Dance can solve all the world’s problems. Honestly, we believe passionately in that! It’s so important for us as a society to have the freedom to dance.

Yes, dance can be scary for some people. But you know that feeling you get when you’re dancing in the kitchen when nobody is watching? It’s even better when we dance together. It’s an amazing experience. It brings all kinds of benefits: community, health, well-being.

We’ve all got a body, right? And it doesn’t matter what that body looks like, or what it’s capable of. If we’re breathing, we can move.

You know that feeling when you’re dancing in the kitchen when nobody is watching? It’s even better when we dance together. It’s an amazing experience.

When we’re born, movement is our first language. We might go on to develop speech, but sometimes we don’t. We work with a lot of autistic people who are non-verbal. Movement is a way we can express our identity and culture. We can make connections, we can make friends - all through movement. Dance can say a lot without saying anything.

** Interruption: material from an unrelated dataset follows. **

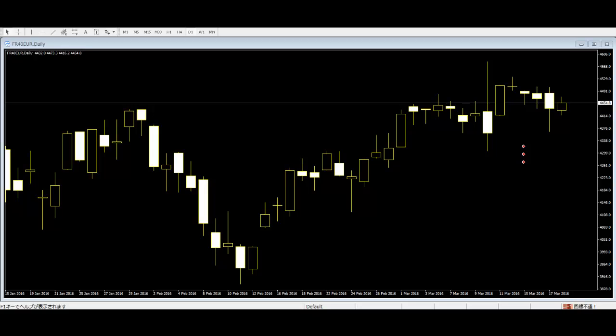After opening, the price hovers just around the opening price with a small range. At the end of the time period, the stock closes near the open price. This pattern forms when there's indecision among the buyers and sellers in the uptrend, downtrend, or sideways trend.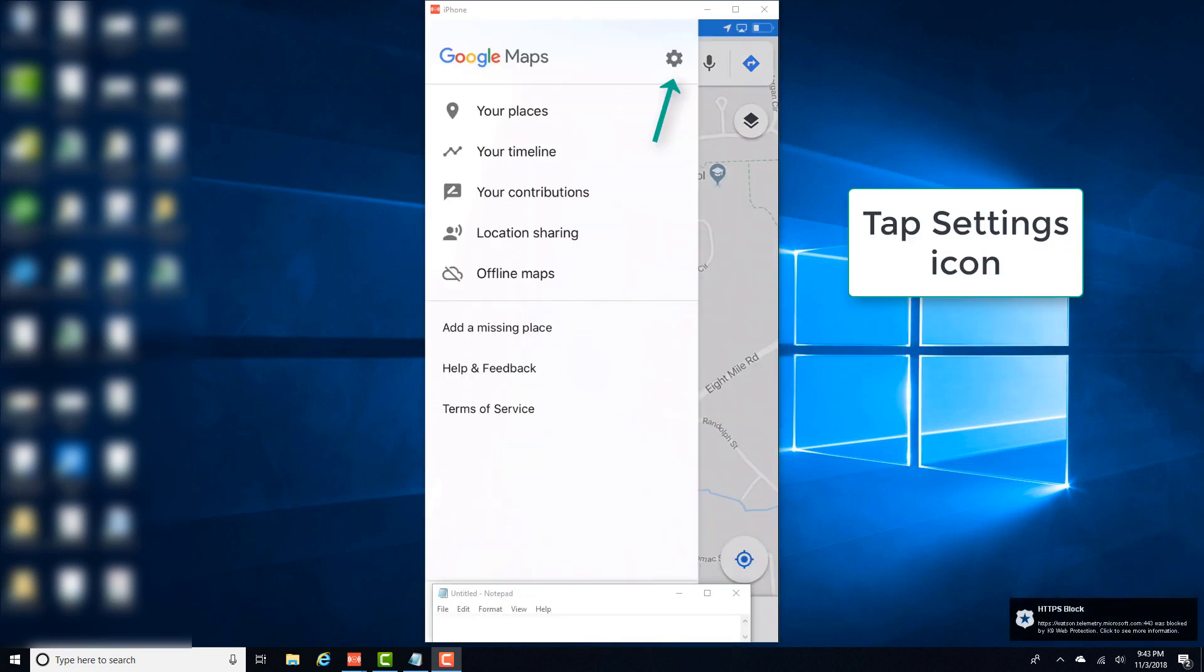And then on the screen, tap on the settings icon, which looks like a small wheel. So tap on the settings icon.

We want to make dance part of everybody’s lives. We run sessions for babies and their families, for people living with Parkinson’s, for people with additional needs and disabilities. We also do youth dance to get young people excited so there’ll be more dance artists in the future. We have a teacher developer program, looking at how we can add dance to the curriculum for Wales.

What’s going on in the picture? We’re doing a show for young children called Sblash! which combines Welsh folk dance, flamenco, clowning and performance with live music.

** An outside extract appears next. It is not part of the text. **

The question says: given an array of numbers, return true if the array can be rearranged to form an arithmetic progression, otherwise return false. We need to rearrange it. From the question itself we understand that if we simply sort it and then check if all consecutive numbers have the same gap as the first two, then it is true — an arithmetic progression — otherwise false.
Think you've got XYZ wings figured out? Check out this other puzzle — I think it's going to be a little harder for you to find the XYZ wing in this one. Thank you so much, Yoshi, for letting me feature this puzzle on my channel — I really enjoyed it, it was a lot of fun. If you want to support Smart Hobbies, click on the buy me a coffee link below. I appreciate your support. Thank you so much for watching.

A lot of our work is about pushing the boundaries forward, while being really respectful to the tradition. There’s a wonderful quote, attributed to Mahler: ‘Tradition is not the worship of ashes, but the preservation of fire.’

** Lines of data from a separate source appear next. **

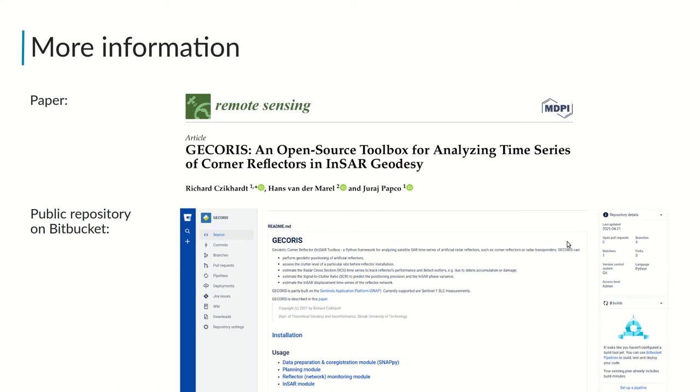Thank you for your attention. For more detailed information, please check our GECORIS paper. GECORIS is also available as a public BitBucket repository.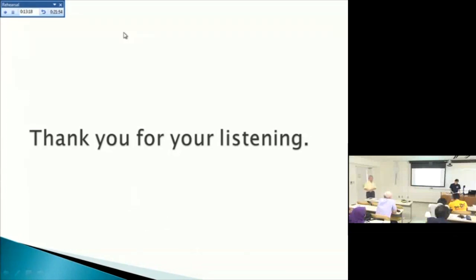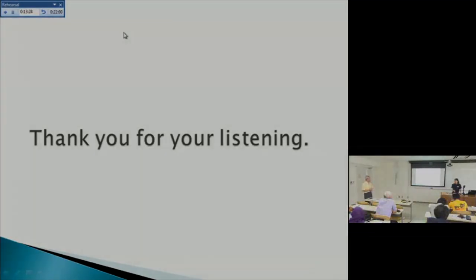Thank you. Thank you very much. Thank you very much. Thank you very much.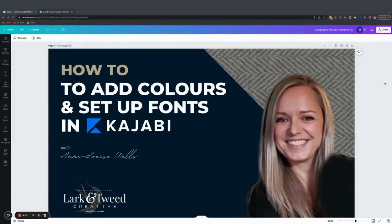Hi there, my name is Anne-Louise Wells. I'm the owner of Larkin Tweed Creative, and today I'm going to show you how to add colors and set up fonts in Kajabi.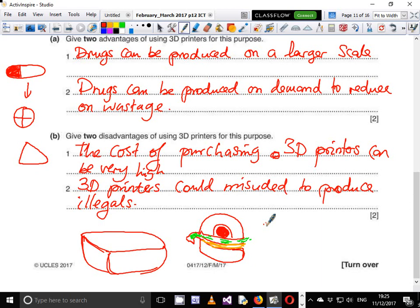So that is that on 3D printers. Of course it's just two marks, but those are some of the key points. You can go ahead and list some of the other points that you want.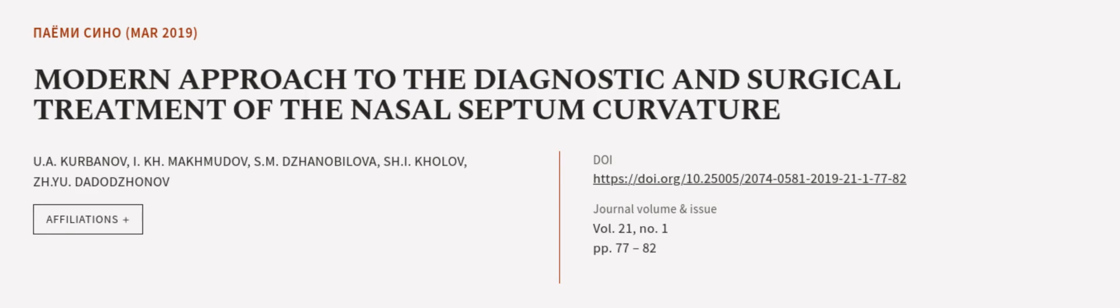This article was authored by U.A. Kerbinov, I.K.H. Makhmoudov, S.N. Zanobalova, and others. Wearearticle.tv, links in the description below.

That’s what we’re doing. How can we stay within the tradition so it doesn’t become something completely different? How can we honour that - but still find new ways to express it and make it relevant to our lives today? How do we continually reimagine it?

Four performers dressed in traditional Welsh garments standing outside against a blue sky
Cywaith Dawns / Dance Collective. Portrait by Bleak Fabulous.

We want to embed folk dancing and clog dance into places where you wouldn’t normally expect to see it. So it’s not just something that people perform at the eisteddfod. Rather, it’s part of our society.

I inherited my mother’s dancing clogs. Well, it’s more like I stole them, actually. I found them in the bottom of the wardrobe. My mum and dad both used to clog dance, and I said, ‘Teach me how to do this, please.’

During my teens, dancing gave me all sorts of cool opportunities, and I realised that you could have a career in dance. I went away to study at university and carried on studying, teaching and working. Now I’ve got a PhD in dance, believe it or not.

My doctorate came out of a cultural exchange between artists in Wales and Brazil. Not everyone on the project spoke the same language, so we looked at ways in which we could put dance and music into a dialogue, to find a shared performance and shared presence.

I was back and fore to Brazil for months at a time, so my Portuguese is fluent now. It was sink or swim: speak Portuguese or don’t get fed! So I picked it up quite quickly.

More recently I did another intercultural project in the Basque country. I taught clog dance and learnt some of the traditional Basque dances. We performed at a huge festival there, and about 40 young Basque people came over to dance in Wales.

I learned some Spanish, and also a little bit of Basque. Or at least, I can count to eight in Basque. When you’re teaching young people to clog dance, that’s all you need to get going.